(Provided data Opens)

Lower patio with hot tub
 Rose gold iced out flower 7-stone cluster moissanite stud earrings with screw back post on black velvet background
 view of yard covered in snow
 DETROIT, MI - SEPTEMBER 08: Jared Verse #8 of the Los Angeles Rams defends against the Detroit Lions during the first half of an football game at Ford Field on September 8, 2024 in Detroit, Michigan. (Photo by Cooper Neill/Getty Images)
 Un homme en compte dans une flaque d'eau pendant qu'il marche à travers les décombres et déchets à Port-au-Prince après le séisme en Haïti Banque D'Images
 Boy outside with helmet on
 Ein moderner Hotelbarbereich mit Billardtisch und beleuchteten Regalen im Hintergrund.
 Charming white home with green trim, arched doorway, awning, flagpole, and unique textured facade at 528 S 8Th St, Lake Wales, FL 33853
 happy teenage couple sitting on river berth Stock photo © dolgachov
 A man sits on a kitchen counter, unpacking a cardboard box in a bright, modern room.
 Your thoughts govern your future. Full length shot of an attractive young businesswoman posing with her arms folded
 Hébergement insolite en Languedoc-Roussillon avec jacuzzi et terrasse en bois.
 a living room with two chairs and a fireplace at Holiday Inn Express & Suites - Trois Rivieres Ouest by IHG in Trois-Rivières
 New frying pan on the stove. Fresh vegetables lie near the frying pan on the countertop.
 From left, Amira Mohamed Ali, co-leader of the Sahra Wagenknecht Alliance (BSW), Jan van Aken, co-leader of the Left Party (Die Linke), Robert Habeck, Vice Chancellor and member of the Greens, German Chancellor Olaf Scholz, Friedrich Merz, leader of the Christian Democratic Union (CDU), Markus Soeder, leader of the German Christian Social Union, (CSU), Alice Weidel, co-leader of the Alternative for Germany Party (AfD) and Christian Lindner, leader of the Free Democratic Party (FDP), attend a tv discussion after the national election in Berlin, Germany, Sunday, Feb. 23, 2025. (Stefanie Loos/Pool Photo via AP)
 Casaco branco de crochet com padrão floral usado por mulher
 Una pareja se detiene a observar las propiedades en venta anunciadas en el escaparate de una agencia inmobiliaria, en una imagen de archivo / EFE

(Provided data Closes)

■ **What to produce**
Working down from the line that contains "a living room", retype each line exactly through the last line of the data, and give nothing else.

■ **Result below**
 a living room with two chairs and a fireplace at Holiday Inn Express & Suites - Trois Rivieres Ouest by IHG in Trois-Rivières
 New frying pan on the stove. Fresh vegetables lie near the frying pan on the countertop.
 From left, Amira Mohamed Ali, co-leader of the Sahra Wagenknecht Alliance (BSW), Jan van Aken, co-leader of the Left Party (Die Linke), Robert Habeck, Vice Chancellor and member of the Greens, German Chancellor Olaf Scholz, Friedrich Merz, leader of the Christian Democratic Union (CDU), Markus Soeder, leader of the German Christian Social Union, (CSU), Alice Weidel, co-leader of the Alternative for Germany Party (AfD) and Christian Lindner, leader of the Free Democratic Party (FDP), attend a tv discussion after the national election in Berlin, Germany, Sunday, Feb. 23, 2025. (Stefanie Loos/Pool Photo via AP)
 Casaco branco de crochet com padrão floral usado por mulher
 Una pareja se detiene a observar las propiedades en venta anunciadas en el escaparate de una agencia inmobiliaria, en una imagen de archivo / EFE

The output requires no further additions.